PROBLEM REQUIREMENTS: Repeat every line of the data exactly, but not the pictures.

EXERCISE DATA:
※ ※ ※

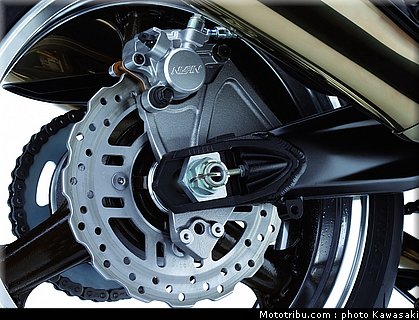 kawasaki_z1000_2007_059.jpg
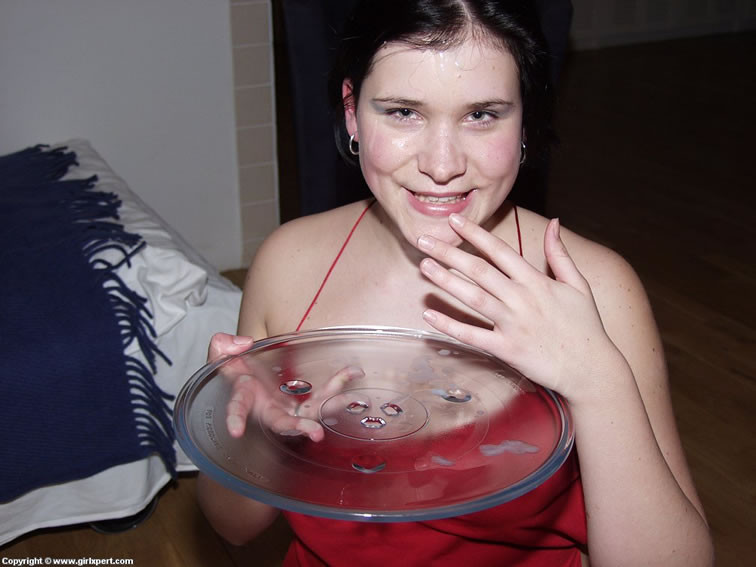 Morena recibiendo una lección de corrida
 #76124476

※ ※ ※

RESULT OF THE TASK:
 kawasaki_z1000_2007_059.jpg
 Morena recibiendo una lección de corrida
 #76124476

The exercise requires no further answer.